Financial Times, weekend section, September 4/5, 1999
The American teenager has long captured the imagination, not just in the US, but as an icon of rebellion and individuality for Europe, Asia and the rest of the world. But what has really been at work behind this image is more complex, and what that image may become in the 21st century is an even more open question. In The Rise and Fall of the American Teenager, Thomas Hine ventures down both of these avenues in his book, and what he finds there will fascinate anyone who has ever been seduced by blue-jeans and hot-rods, skateboards and hip-hop, or any of the myriad other emblems that have stood for the American teens throughout their fraught history.
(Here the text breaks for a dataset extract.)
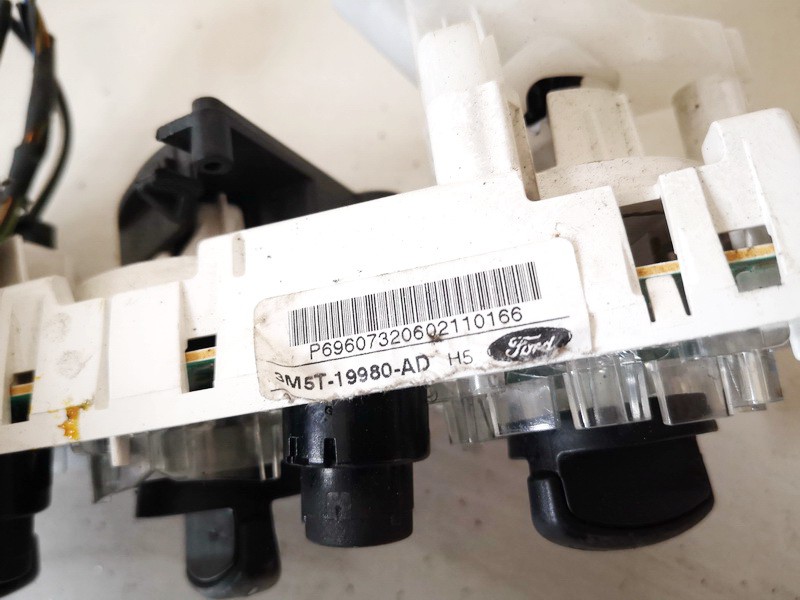 3M5T19980AD Ford Focus 2006 Climate Control Panel (heater control switches) - Thumbnail 2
The bulk of Hine’s study is devoted to a historical survey of the role of teenagers in American society, from their contributions to the economy of colonial Massachusetts through the sharp rise in high school enrolment in the middle of this century to the increased alienation that many teenagers seem to feel today—and which has contributed to such unthinkable events as the rash of school shootings in the past several years. In fact, it is in high school that Hine locates the essence of American teenagerhood. As he notes, the word “teenager” did not even come into widespread use until the 1940s, the first decade in which a majority of American teenagers were enrolled in high school. And it was in that removal of the demographic group from the mainstream of American society that our modern conception originates, Hine argues.More interesting than his historical pastiche, though, is Hine’s examination of society’s attitudes toward teens—and their attitudes toward themselves—over the last 500 years. In the days of colonialism, and into the years of America’s westward expansion, young men and women were far more closely integrated into the workings of everyday life, Hine points out, with families relying on their economic input at least as much as they did that of the “adults” of the household. It was only with the Depression that young Americans—who were seen to be driving down wages and putting older men and women out of work—began to be removed from the labour pool…
The result is an engaging study of the evolution of a stratum of society that is itself caught up in its most kaleidoscopic state, the years between childhood and adulthood. And where that evolution is now taking us, Hine argues, may be toward a reintegration of the teenager into the mainstream culture.